=== EXCERPTED DATA ===

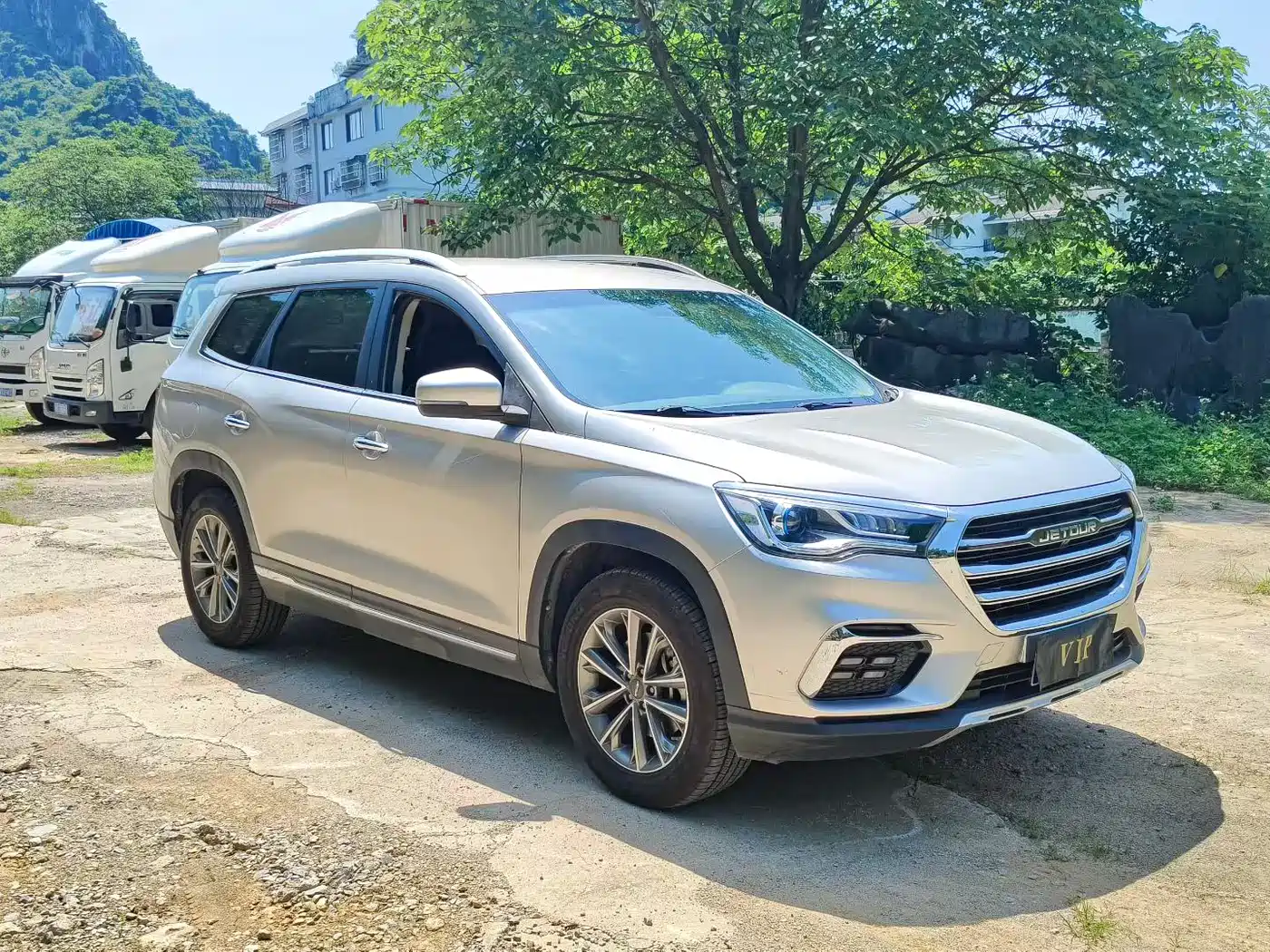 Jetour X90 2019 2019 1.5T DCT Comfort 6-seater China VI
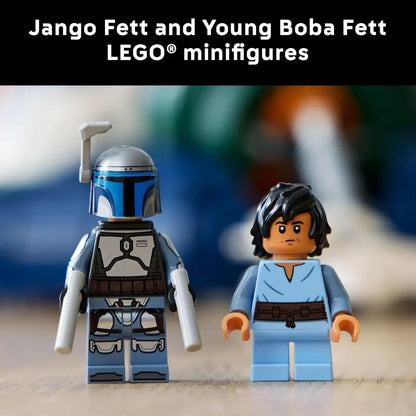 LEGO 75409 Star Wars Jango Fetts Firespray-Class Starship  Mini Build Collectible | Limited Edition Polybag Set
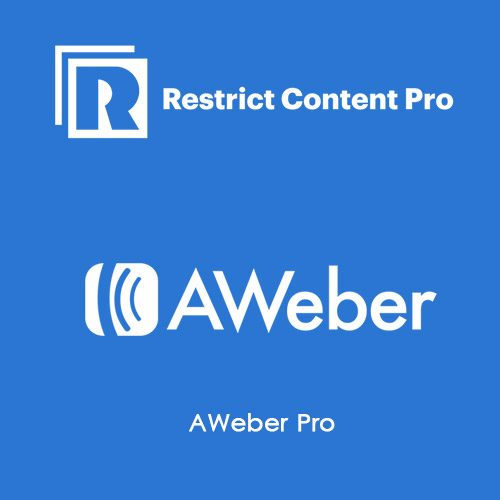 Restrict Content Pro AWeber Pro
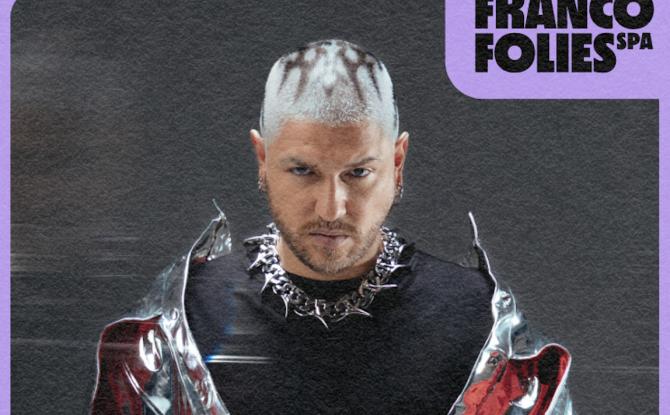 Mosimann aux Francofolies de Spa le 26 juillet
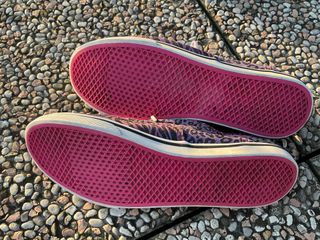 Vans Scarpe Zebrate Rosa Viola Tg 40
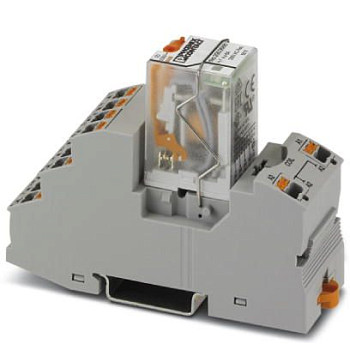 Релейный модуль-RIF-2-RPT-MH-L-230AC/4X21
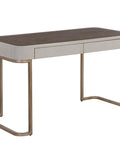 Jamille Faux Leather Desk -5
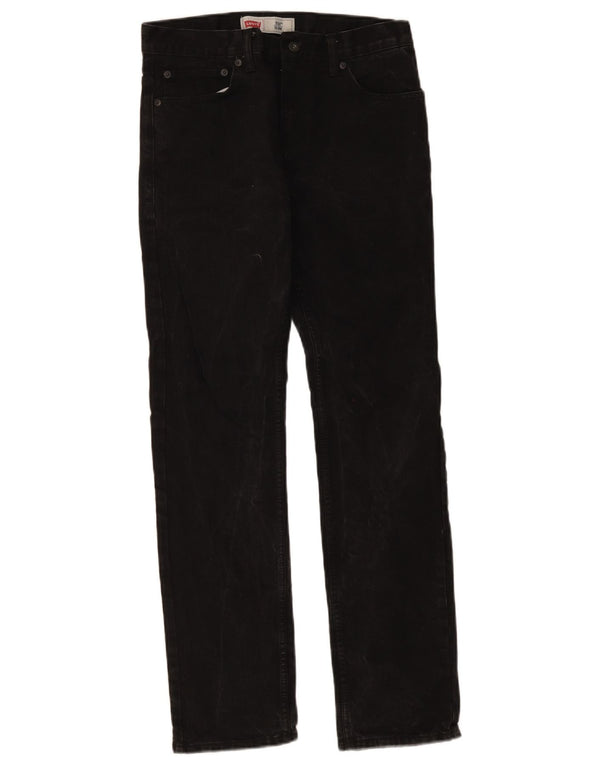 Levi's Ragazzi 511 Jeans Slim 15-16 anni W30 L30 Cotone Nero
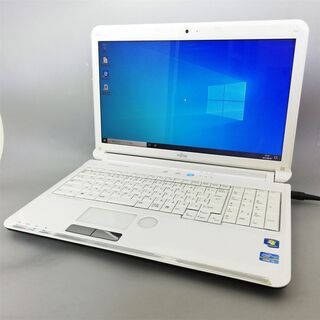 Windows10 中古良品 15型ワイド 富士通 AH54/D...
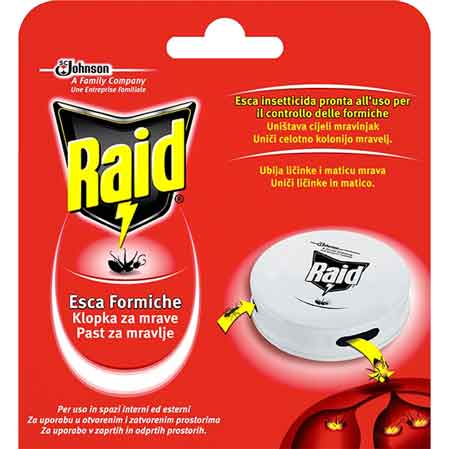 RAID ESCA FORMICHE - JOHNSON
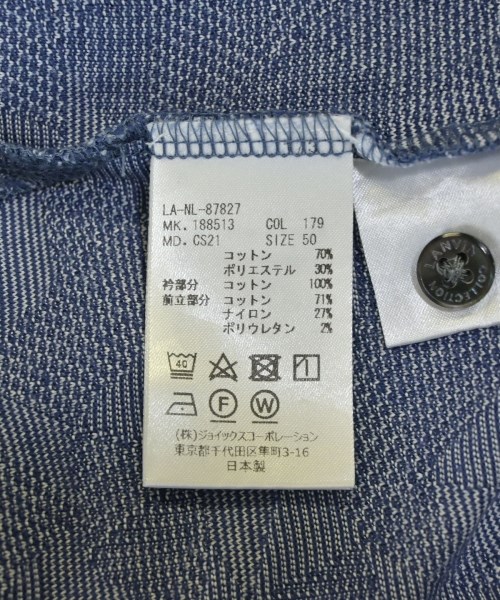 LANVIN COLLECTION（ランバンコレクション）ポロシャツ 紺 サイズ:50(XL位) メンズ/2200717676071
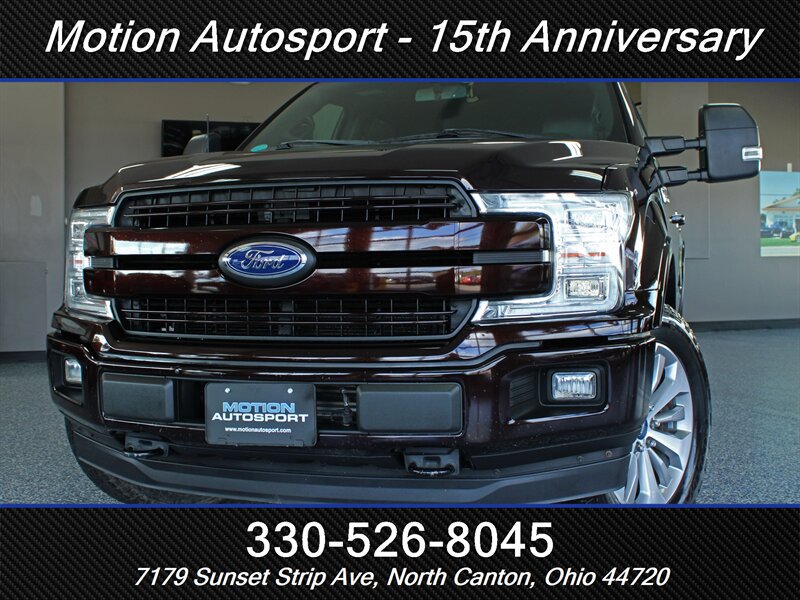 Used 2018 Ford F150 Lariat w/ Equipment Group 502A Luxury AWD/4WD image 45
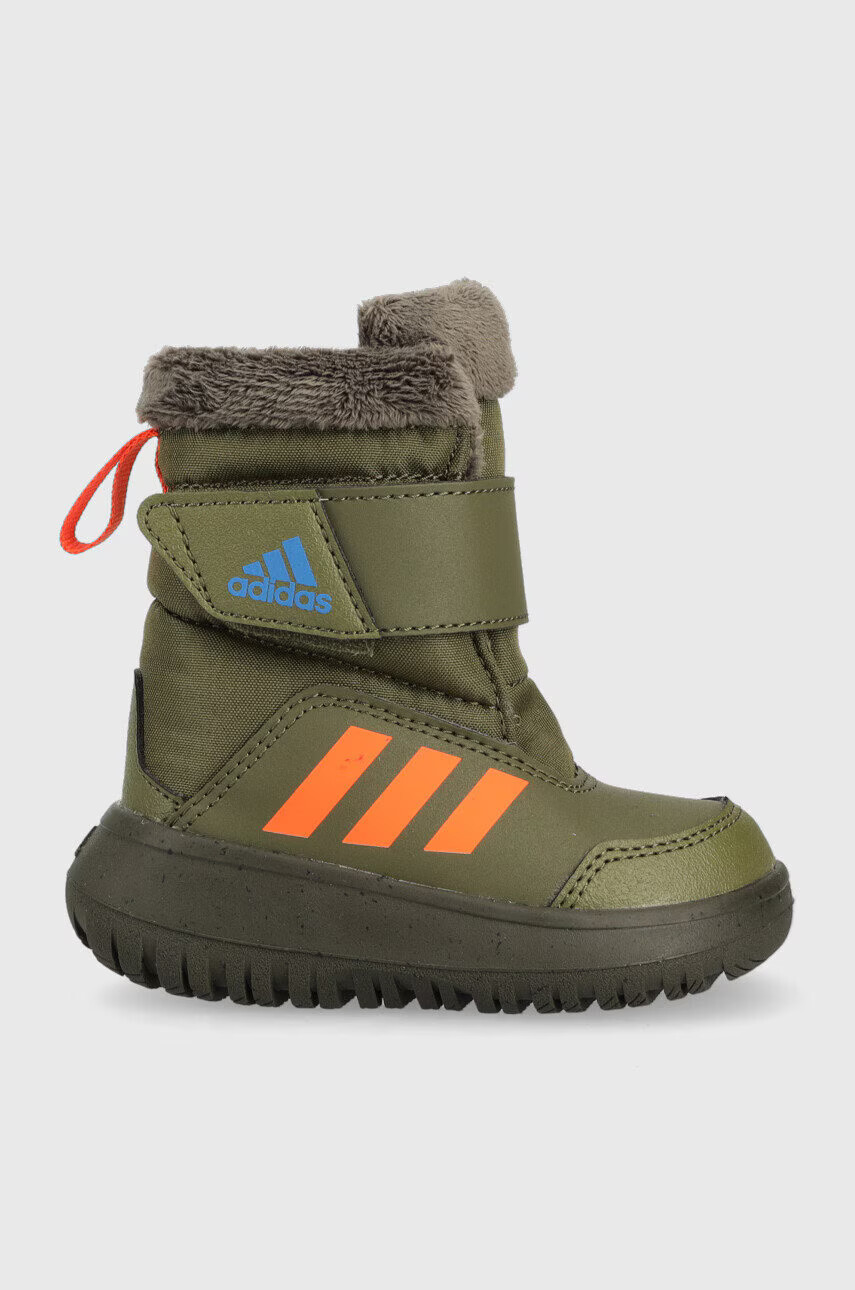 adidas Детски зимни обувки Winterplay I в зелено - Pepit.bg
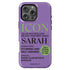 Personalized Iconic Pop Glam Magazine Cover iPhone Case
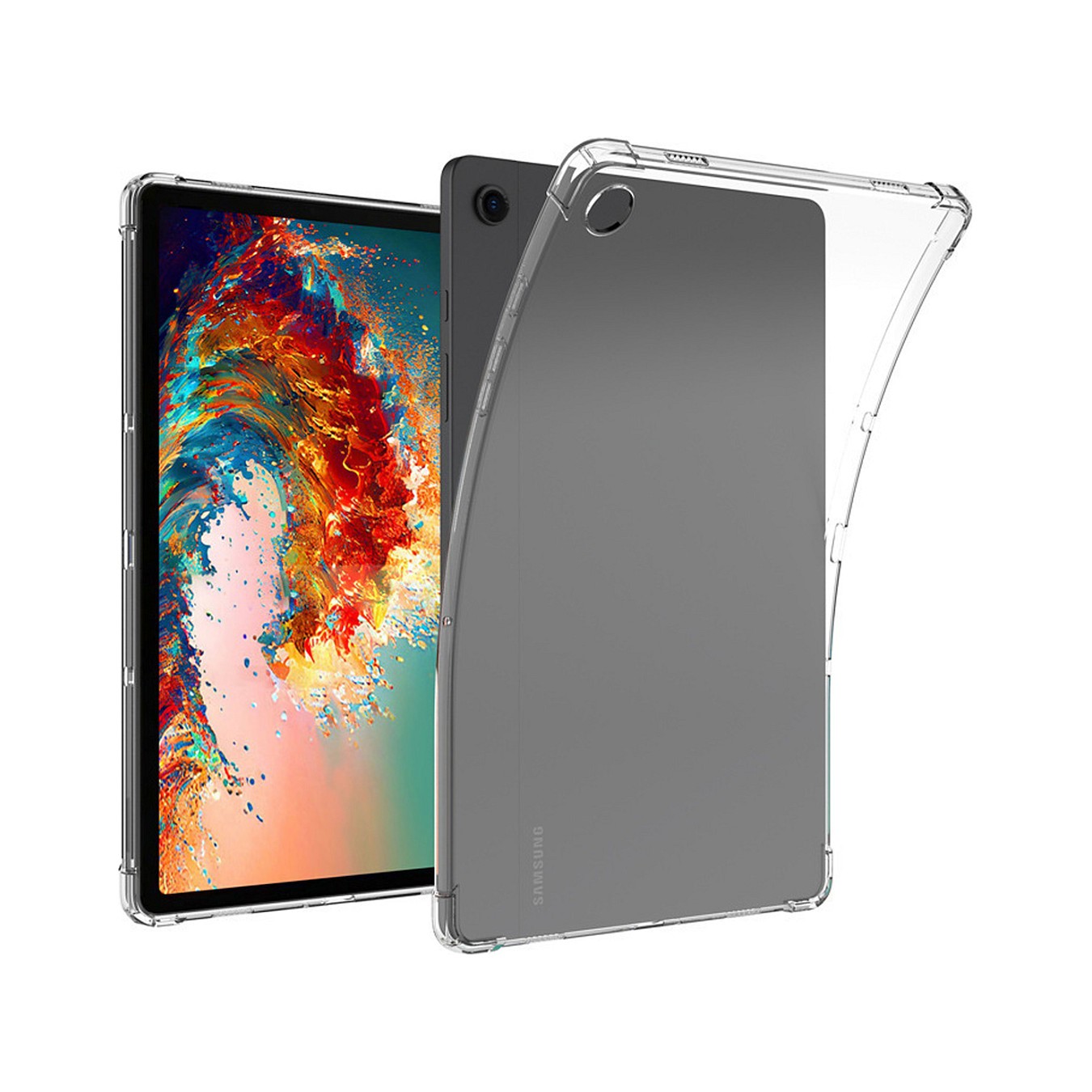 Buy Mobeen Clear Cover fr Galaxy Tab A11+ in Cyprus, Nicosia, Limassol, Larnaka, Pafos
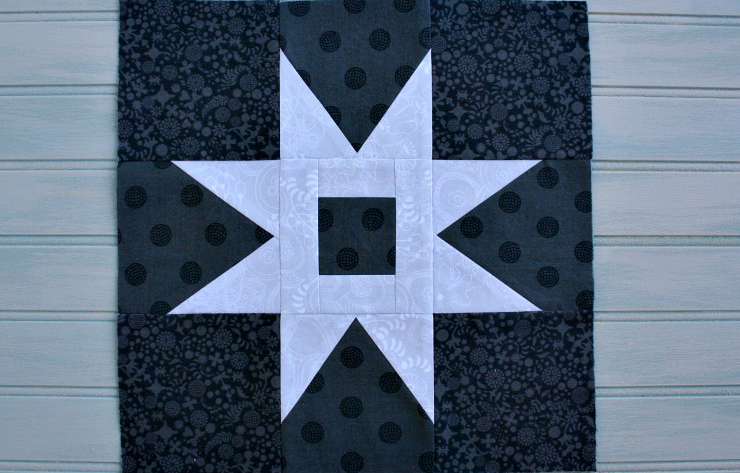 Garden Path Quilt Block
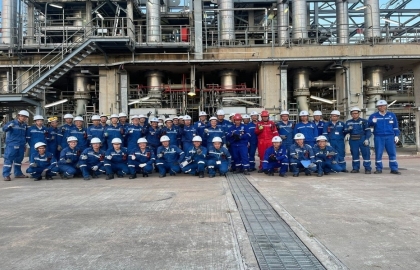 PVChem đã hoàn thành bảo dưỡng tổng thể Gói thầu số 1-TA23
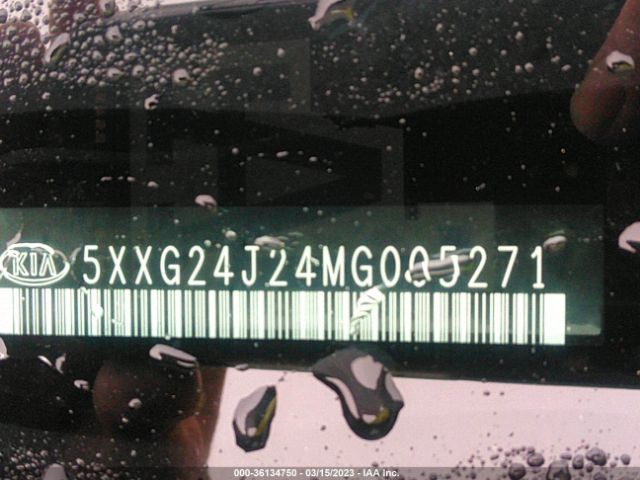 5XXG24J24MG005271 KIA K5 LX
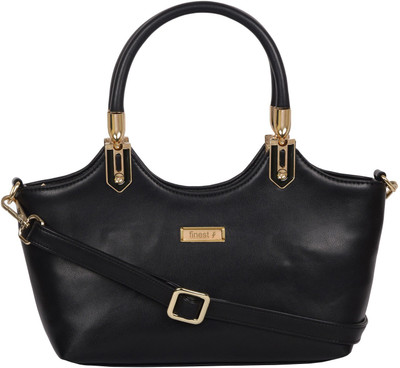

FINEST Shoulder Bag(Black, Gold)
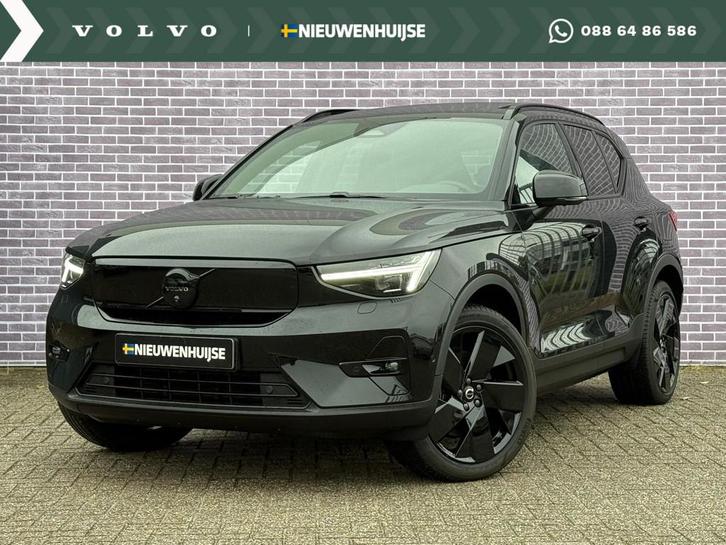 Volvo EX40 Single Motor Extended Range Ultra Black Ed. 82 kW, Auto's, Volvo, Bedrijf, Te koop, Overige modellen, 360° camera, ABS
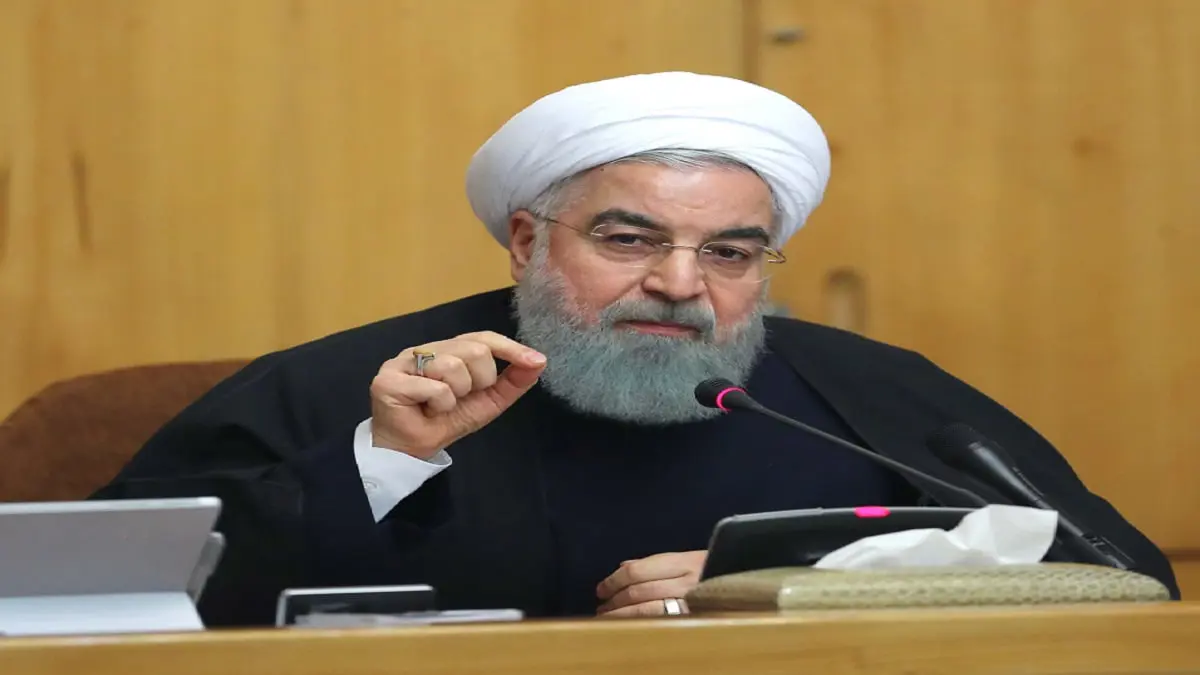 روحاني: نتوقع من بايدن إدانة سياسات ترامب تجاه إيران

===

→ PROBLEM STATEMENT:
Every line from the one with "Buy Mobeen Clear" through the last line of the data must be copied exactly. Leave the pictures out.

→ RESULT:
 Buy Mobeen Clear Cover fr Galaxy Tab A11+ in Cyprus, Nicosia, Limassol, Larnaka, Pafos
 Garden Path Quilt Block
 PVChem đã hoàn thành bảo dưỡng tổng thể Gói thầu số 1-TA23
 5XXG24J24MG005271 KIA K5 LX

FINEST Shoulder Bag(Black, Gold)
 Volvo EX40 Single Motor Extended Range Ultra Black Ed. 82 kW, Auto's, Volvo, Bedrijf, Te koop, Overige modellen, 360° camera, ABS
 روحاني: نتوقع من بايدن إدانة سياسات ترامب تجاه إيران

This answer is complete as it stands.